# "Modernizing" a Hunter ICC-8000



## MRTkH (Apr 22, 2021)

I have an ICC-800PL. Previous homeowner installed 24 zones in the yard. Yeah, it's complicated but it works. I would like to be able to control zones remotely or potentially upgrade to an wifi controller so I can control with my phone. I've not seen WiFi-frendily controllers that can handle 24 and buying 2 twelve wifi controllers seems a bit much and complicated.

I have considered putting in a HUNTER ROAM-KIT to let me run it from my yard, remotely. Meaning be able to walk and turn on and off, but that doesn't give me true remote control (i.e. via my phone when I'm away).

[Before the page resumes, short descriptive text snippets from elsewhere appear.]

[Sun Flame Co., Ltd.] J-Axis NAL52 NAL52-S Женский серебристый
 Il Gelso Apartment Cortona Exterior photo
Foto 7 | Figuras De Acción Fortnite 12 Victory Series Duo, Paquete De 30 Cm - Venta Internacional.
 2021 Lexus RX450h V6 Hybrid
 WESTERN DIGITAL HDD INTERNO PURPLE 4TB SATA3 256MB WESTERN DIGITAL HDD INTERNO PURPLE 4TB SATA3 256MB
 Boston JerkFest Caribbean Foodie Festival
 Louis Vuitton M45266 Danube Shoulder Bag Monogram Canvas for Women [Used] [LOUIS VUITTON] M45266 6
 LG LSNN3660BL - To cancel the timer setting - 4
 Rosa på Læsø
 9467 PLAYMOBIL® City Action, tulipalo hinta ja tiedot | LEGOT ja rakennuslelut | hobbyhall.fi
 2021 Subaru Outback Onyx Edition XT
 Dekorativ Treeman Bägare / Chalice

Are there any good options for a 24 zone WiFi-controller I may have missed? 
Also, I doubt there is a plug-in that could let me keep this old controller yet control it with an app. However, I thought maybe i missed something and one does exist. Anyone seen such a feature?


----------



## g-man (Jun 15, 2017)

I know OpenSprinkler can. https://opensprinkler.com/

I dont know of others.


----------



## Riverpilot (Mar 26, 2019)

Hunter Hydrawise, Pro-HC or HCC.

https://www.hunterindustries.com/product-line/Hydrawise


----------